ERIE, Pa. — Craig Warren first heard the Rebel yell at Kings Dominion, an amusement park in Virginia. He was sitting near the back of a wood-track roller coaster, gripping the lap bar as the cars clattered into a tunnel, where everyone screamed.
That sound is always louder in the dark. As a Confederate battle cry, the Rebel yell — a yowling holler, equal parts hog call and Indian war whoop — was exaggerated by the smoke on Civil War battlefields. It unnerved Union soldiers, who heard the threat before they could pinpoint its direction.
Warren wasn’t thinking about that. To him, the “Rebel Yell” was a 95-mph thrill ride. The tunnel was fun.
The full story would come to him, however. South of the Mason-Dixon Line, it always does.
“I grew up in northern Virginia,” said Warren, an associate professor of English and professional writing at Penn State Behrend. “I went to Robert E. Lee High School. In that part of the country, Civil War stories are part of the air. You can’t escape them.”
His latest book, “The Rebel Yell: A Cultural History,” is the fullest picture yet of the Confederate rally cry. It traces the Rebels’ use of the yell — “the ugliest sound that any mortal ever heard,” according to the writer Ambrose Bierce — through key battles at Manassas, Sharpsburg, and Honey Hill. It continues into Reconstruction, and on to the civil rights era, where the yell had divisive, and often racist, intent, and then watches as the tradition is co-opted, rebranded in the spirit of individual defiance in order to sell bourbon, records and roller-coaster rides.
Warren uses diary entries from both sides of the conflict to depict the yell’s effectiveness in battle. His real focus, however, is on how the war is remembered, and how the underlying conflicts even now are being contested.
“The same issues we fought over in the Civil War are in place in Ferguson, Baltimore, and Florida today,” he said. “These questions of race and individualism and the struggle against a faceless government are still very much alive in America.”
‘A defiant pose’
Unlike Union troops, who marched in unison, shouting “Hurrah! Hurrah!” the Rebels’ yell was ragged, a mix of yips and barks and fox-hunter halloos. Every man’s was different.
In battle, the sound would ripple across the Confederate line, moving like the wave in a modern soccer stadium. Rebels used it to taunt, goad and intimidate their foes.
They also yelled to bolster their own morale. “It seemed to fill every heart with new life, to inspire every nerve with might never known before,” one veteran wrote.
A rousing yell was just as likely to come after battle, either in camp, where Rebels hollered tributes to their generals, or on forced marches, when they voiced resentment of those same men.

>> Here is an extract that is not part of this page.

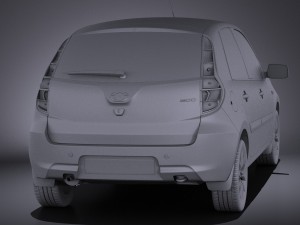 Datsun Mi-Do 2015 vray Modelo 3D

“The Rebel yell was a great metaphor for the south,” Warren said. “It was a defiant pose. The whole point, for them, was to secede from the whole.”
That aspect of the Rebel yell continued through the 20th century. When the University of Nevada, Las Vegas, split from its parent institution in Reno, the school chose as its mascot a cartoon wolf in Confederate dress. Its student newspaper was called “The Rebel Yell” — overlooking, perhaps, that Nevada had fought for the Union.
For the generation that followed, “Rebel Yell” was a song by a spike-haired rocker named Billy Idol. It made no reference to the Confederacy: Idol, a Briton, was instead celebrating a brand of bourbon he had watched the Rolling Stones drink.
Subsequent pop-culture references to the Rebel yell — a clothing line, a video game — also stripped it of Civil War context, choosing instead to embrace a spirit of general rebelliousness. Warren expects even more of that in the years ahead.
“You can’t get rid of it,” he said. “Rebellion will always be popular. So will making noise.”